#### Data shown ####

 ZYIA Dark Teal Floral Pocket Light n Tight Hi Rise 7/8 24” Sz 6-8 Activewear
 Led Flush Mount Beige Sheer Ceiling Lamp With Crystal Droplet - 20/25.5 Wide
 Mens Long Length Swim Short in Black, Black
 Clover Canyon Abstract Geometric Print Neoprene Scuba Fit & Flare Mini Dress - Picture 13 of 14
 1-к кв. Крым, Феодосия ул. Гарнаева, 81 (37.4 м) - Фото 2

####
#### Data shown ####

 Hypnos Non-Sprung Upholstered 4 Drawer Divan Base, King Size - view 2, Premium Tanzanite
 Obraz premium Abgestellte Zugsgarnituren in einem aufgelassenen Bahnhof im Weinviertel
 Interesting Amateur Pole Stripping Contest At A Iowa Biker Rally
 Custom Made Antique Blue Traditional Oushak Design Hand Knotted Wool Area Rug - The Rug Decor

####

# [Task requirements]
Only the lines above starting with the one with "Hypnos Non-Sprung Upholstered" and going through the one with "Custom Made Antique" are to be copied, word for word and with both ends kept.

# [Response]
 Hypnos Non-Sprung Upholstered 4 Drawer Divan Base, King Size - view 2, Premium Tanzanite
 Obraz premium Abgestellte Zugsgarnituren in einem aufgelassenen Bahnhof im Weinviertel
 Interesting Amateur Pole Stripping Contest At A Iowa Biker Rally
 Custom Made Antique Blue Traditional Oushak Design Hand Knotted Wool Area Rug - The Rug Decor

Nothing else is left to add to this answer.